What is the sum of this? $ 1 + \frac12 + \frac13 + \frac14 + \frac16 + \frac18 + \frac19 + \frac1{12} +\cdots$

I’m in trouble with this homework.

Find the sum of the series $ 1 + \frac12 + \frac13 + \frac14 + \frac16 + \frac18 + \frac19 + \frac1{12} +\cdots$, where the terms are the inverse of the positive integers whose only prime factors are 2 and 3.

Hint: write the series as a product of two geometric series.

Ok, I found some patterns in these numbers, but I can’t find the two series.

Solutions Collecting From Web of "What is the sum of this? $ 1 + \frac12 + \frac13 + \frac14 + \frac16 + \frac18 + \frac19 + \frac1{12} +\cdots$"
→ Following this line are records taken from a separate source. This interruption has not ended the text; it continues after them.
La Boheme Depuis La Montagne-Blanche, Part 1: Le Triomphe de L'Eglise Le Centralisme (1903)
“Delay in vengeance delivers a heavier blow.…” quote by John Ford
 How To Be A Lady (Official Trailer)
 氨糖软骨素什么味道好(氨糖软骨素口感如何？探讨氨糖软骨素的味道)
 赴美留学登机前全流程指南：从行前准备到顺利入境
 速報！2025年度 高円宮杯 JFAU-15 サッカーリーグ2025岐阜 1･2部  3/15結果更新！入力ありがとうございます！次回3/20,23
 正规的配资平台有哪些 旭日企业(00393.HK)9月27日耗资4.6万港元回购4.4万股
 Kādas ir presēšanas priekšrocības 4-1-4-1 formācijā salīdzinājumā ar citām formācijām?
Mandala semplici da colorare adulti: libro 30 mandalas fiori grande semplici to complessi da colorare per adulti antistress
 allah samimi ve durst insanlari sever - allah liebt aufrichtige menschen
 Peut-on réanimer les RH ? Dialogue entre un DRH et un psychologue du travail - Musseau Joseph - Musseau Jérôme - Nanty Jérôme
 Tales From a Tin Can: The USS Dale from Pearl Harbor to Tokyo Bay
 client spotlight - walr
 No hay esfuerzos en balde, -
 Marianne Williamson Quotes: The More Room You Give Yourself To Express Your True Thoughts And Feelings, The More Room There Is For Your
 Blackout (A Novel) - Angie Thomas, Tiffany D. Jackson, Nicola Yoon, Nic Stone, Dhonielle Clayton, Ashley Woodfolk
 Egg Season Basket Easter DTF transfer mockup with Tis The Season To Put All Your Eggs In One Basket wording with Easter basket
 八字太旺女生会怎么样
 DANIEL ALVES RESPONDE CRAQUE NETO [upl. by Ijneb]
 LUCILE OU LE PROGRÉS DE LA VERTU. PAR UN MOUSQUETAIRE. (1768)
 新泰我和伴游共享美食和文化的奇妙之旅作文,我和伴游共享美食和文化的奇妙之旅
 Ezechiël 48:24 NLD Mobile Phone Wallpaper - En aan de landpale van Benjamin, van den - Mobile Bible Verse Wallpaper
$$\left(1+\frac{1}{2}+\frac{1}{4}+\cdots \right)\left(1+\frac{1}{3}+\frac{1}{9}+\cdots \right)=1+\frac{1}{2}+\frac{1}{3}+\frac{1}{4}+\frac{1}{6}+\cdots$$

both of the first series are geometric and can be summed
$$1+\frac{1}{2}+\frac{1}{4}+\cdots =2$$
$$1+\frac{1}{3}+\frac{1}{9}+\cdots =\frac{3}{2}$$ so
$$1+\frac{1}{2}+\frac{1}{3}+\frac{1}{4}+\frac{1}{6}+\cdots=3$$

Hint: $$ = \left( 1+\frac{1}2 + \frac{1}4 + \cdots \right) \left( 1+ \frac{1}3 + \frac{1}9 + \cdots \right)$$.